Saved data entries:
=== Begin Enclosure ===

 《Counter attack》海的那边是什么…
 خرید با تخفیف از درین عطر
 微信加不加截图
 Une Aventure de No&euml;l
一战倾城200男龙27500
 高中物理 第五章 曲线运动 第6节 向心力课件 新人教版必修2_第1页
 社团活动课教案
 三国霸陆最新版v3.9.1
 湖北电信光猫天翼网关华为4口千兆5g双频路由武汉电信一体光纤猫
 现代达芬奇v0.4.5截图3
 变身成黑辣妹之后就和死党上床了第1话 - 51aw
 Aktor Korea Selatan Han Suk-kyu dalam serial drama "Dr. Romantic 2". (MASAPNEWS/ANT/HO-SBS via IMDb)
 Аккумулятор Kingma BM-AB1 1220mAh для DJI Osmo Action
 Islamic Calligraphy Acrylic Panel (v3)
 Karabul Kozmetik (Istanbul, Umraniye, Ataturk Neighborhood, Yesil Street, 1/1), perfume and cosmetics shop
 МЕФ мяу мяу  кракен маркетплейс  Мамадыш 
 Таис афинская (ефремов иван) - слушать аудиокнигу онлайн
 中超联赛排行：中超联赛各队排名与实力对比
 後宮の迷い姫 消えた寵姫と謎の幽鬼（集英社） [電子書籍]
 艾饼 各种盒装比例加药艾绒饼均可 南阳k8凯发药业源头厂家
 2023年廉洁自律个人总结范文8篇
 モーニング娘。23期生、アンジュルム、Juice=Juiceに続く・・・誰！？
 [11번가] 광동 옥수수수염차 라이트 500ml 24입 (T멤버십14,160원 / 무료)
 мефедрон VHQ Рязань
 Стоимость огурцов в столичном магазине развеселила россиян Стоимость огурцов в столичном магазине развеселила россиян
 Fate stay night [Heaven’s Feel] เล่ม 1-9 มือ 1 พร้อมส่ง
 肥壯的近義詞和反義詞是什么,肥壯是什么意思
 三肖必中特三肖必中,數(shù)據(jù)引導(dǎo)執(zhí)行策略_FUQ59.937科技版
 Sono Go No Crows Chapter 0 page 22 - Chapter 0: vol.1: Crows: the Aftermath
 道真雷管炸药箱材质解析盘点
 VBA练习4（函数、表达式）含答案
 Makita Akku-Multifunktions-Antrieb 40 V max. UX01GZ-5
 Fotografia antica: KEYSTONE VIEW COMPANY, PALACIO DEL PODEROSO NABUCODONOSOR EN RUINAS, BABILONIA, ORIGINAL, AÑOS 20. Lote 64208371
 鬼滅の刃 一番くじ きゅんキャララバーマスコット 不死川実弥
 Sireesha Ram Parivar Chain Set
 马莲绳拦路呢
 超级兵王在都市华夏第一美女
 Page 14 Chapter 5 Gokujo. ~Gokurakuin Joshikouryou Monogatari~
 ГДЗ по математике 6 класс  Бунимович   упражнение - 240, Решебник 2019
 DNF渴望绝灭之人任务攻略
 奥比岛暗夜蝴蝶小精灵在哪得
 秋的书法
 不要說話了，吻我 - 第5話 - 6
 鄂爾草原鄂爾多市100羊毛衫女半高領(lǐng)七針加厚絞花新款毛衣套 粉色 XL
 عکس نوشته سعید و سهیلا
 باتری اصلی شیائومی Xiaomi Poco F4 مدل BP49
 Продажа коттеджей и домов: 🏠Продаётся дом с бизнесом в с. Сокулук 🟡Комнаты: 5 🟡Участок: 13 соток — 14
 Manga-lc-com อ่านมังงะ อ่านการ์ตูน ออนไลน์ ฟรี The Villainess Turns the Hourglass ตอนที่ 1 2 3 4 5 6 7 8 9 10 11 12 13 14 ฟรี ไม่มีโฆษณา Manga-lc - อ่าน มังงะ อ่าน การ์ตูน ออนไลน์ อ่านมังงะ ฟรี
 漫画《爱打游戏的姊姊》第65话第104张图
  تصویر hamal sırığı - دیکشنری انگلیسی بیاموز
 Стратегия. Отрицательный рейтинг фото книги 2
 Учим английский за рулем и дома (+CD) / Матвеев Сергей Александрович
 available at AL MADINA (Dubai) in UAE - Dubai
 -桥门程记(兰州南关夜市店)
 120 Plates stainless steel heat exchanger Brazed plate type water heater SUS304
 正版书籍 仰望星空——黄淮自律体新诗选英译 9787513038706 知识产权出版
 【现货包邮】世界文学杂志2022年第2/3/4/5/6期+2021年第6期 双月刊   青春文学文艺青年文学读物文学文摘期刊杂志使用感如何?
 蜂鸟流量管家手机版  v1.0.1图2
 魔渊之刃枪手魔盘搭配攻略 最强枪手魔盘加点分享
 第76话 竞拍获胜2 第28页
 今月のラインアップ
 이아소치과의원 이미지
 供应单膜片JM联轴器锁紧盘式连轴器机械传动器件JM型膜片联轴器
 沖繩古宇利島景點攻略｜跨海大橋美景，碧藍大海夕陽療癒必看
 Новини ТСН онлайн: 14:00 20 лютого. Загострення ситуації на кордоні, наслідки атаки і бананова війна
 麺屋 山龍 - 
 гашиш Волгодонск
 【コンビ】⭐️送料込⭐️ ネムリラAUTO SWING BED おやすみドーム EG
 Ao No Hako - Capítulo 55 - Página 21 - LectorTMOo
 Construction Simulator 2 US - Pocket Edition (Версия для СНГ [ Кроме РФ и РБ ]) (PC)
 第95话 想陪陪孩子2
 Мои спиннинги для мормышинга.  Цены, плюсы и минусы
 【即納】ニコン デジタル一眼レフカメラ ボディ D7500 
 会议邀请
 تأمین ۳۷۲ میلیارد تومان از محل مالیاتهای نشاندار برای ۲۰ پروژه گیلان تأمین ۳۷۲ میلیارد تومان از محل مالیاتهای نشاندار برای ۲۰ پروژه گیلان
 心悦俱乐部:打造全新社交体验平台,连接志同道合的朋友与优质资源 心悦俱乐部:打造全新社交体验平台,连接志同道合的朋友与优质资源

=== End Enclosure ===

#### EXERCISE DETAILS
If a line of the entries contains "онлайн", it counts; say how many such lines there are and give only the number.

#### ANSWER BELOW
2